На спине лежал, раскинув руки, но со всех сторон его чужие руки задевали, мешая небу посмотреть в глаза, и, как нарочно, влево или вправо его толкали люди даже здесь. Бассейн покинув, с каплями на коже, под солнцем высыхающими сразу, он постоял чуть-чуть у края крыши и, смуглой, жестко собранной спиною услышав: "How handsom! Charming boy!" легко перемахнул через перила, легко от кромки крыши оттолкнулся и прыгнул, как с трамплина в воду, вниз. Летел он долго, как ему казалось. Так приближался медленно асфальт, что он успел заметить на асфальте серебряную россыпь голубей, и понял, что летит на них, но поздно. Он зацепился за какой-то провод, и за второй, и сразу же за третий, обжегший его тело напоследок предсмертной электрическою пыткой, но оборвались эти провода, поняв, что оказался ток смертелен.

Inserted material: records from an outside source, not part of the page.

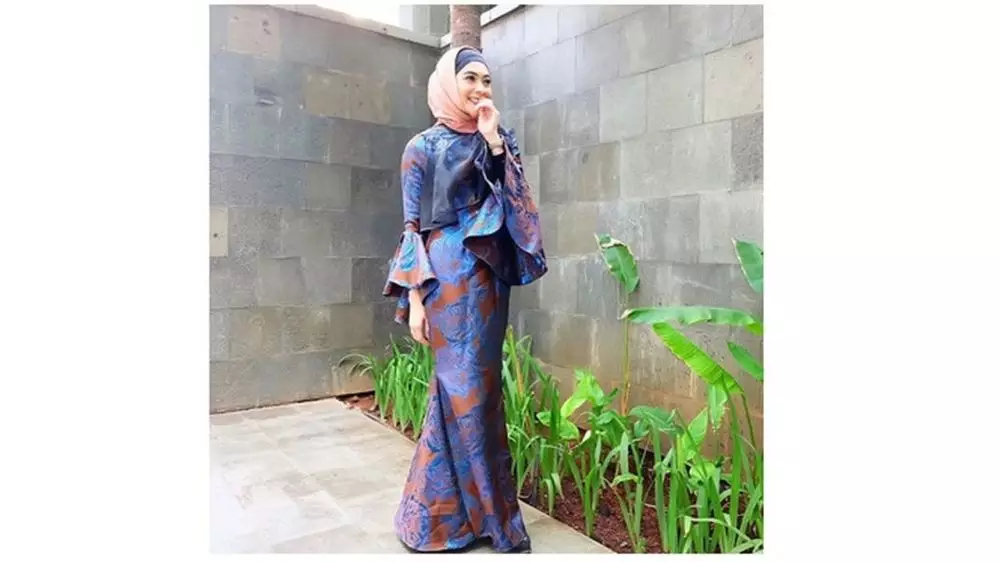 Potret terbaru IDP Instagram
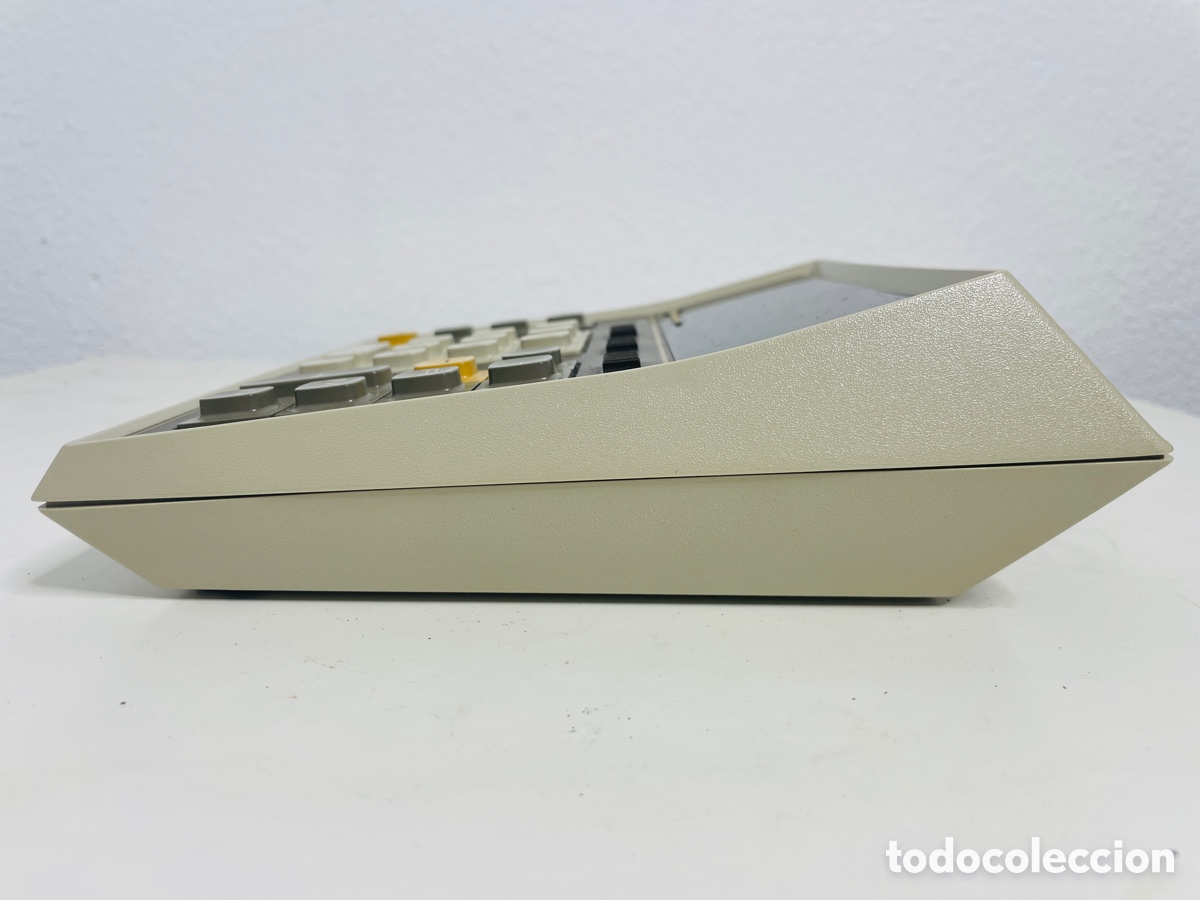 Segunda mano: Texas Instruments TI-5100 Space Age Design - Foto 15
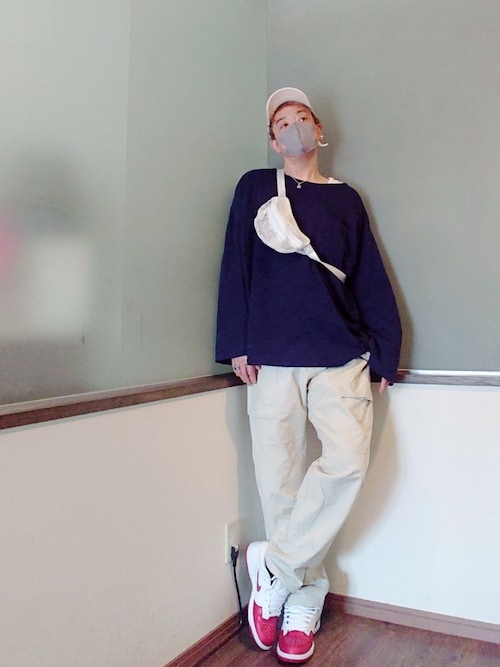 P３さんのコーディネート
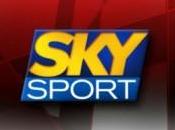 Test-match, programma fine settimana
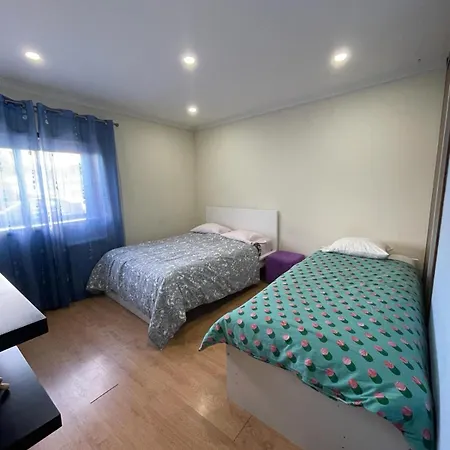 Flat4U Apartment Paredes  Exterior photo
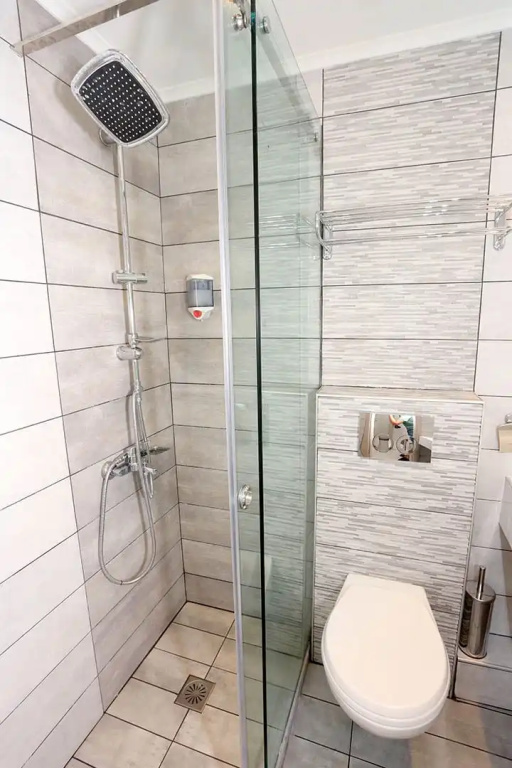 Hotel Odysseas - Chambres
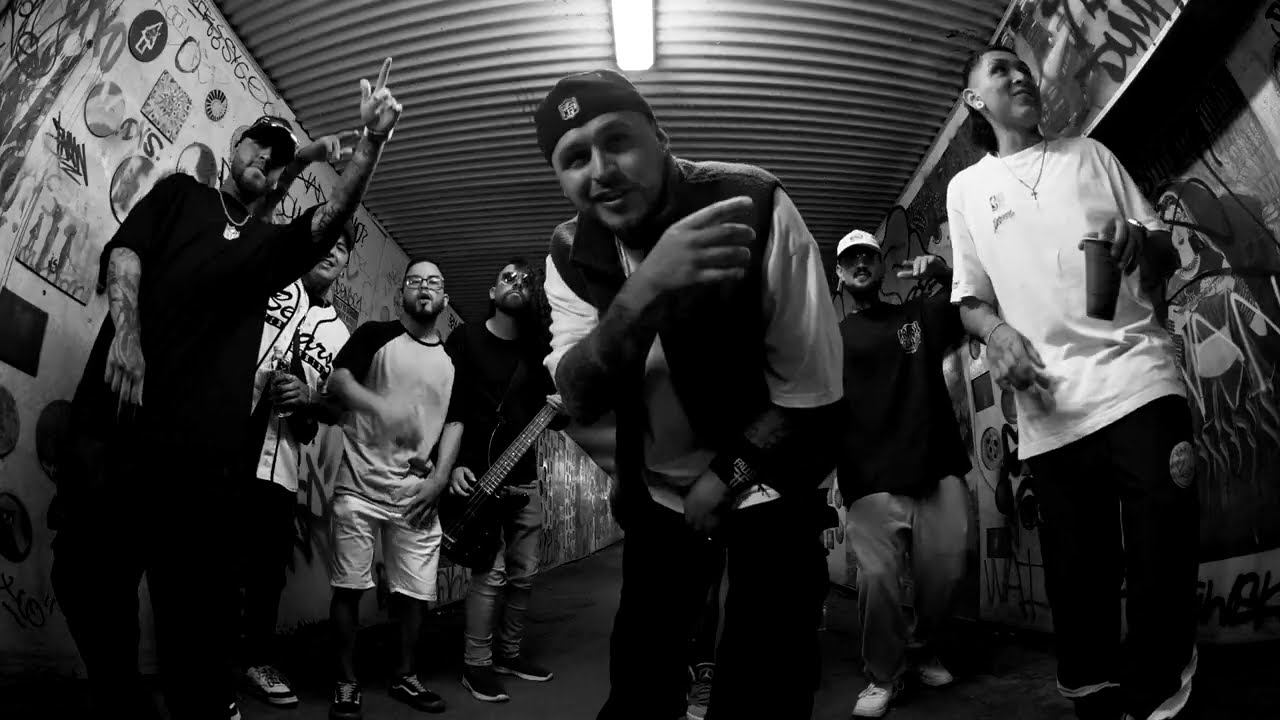 Keeias - Sin C&oacute;digos (Video Oficial)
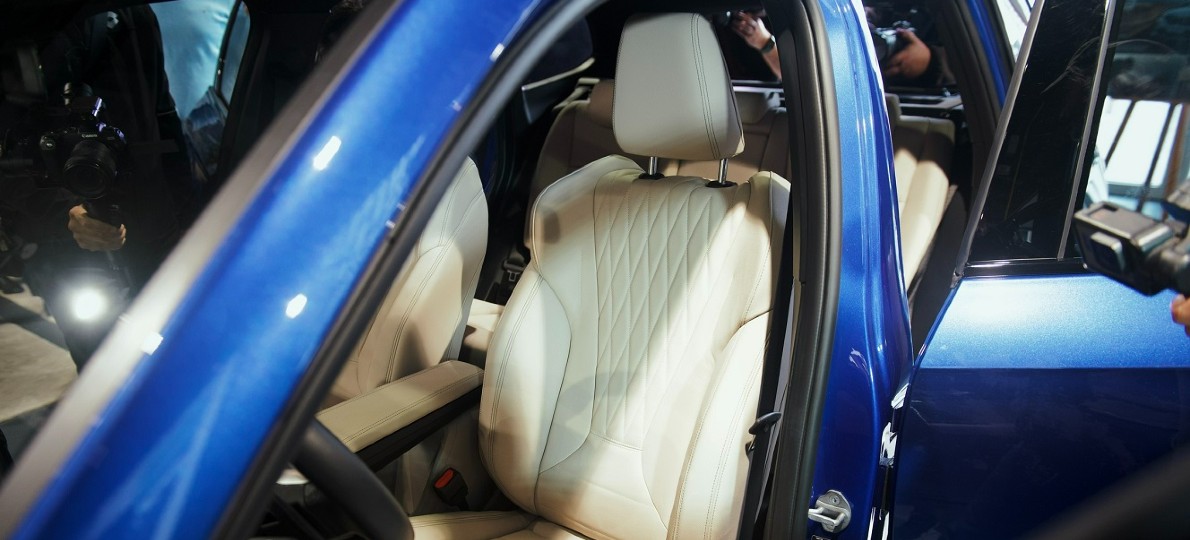 Predstavljen prvi ikada BMW M3 Touring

Случайно получилось, что Энрике не на земле, а в воздухе погиб, и, падая уже на мостовую, так не хотевший в жизни быть убийцей, он мертвым телом голубя убил.
11 Бывавший в том бассейне много раз, где так меняли регулярно воду, не только, может быть, из-за микробов, а чтобы, не волнуясь понапрасну, не рассказала ничего вода, я прочитал в гостинице "Каррера" оставшийся дневник самоубийцы, и кое-что мне мать дорассказала, а кое-что домыслил я и сам.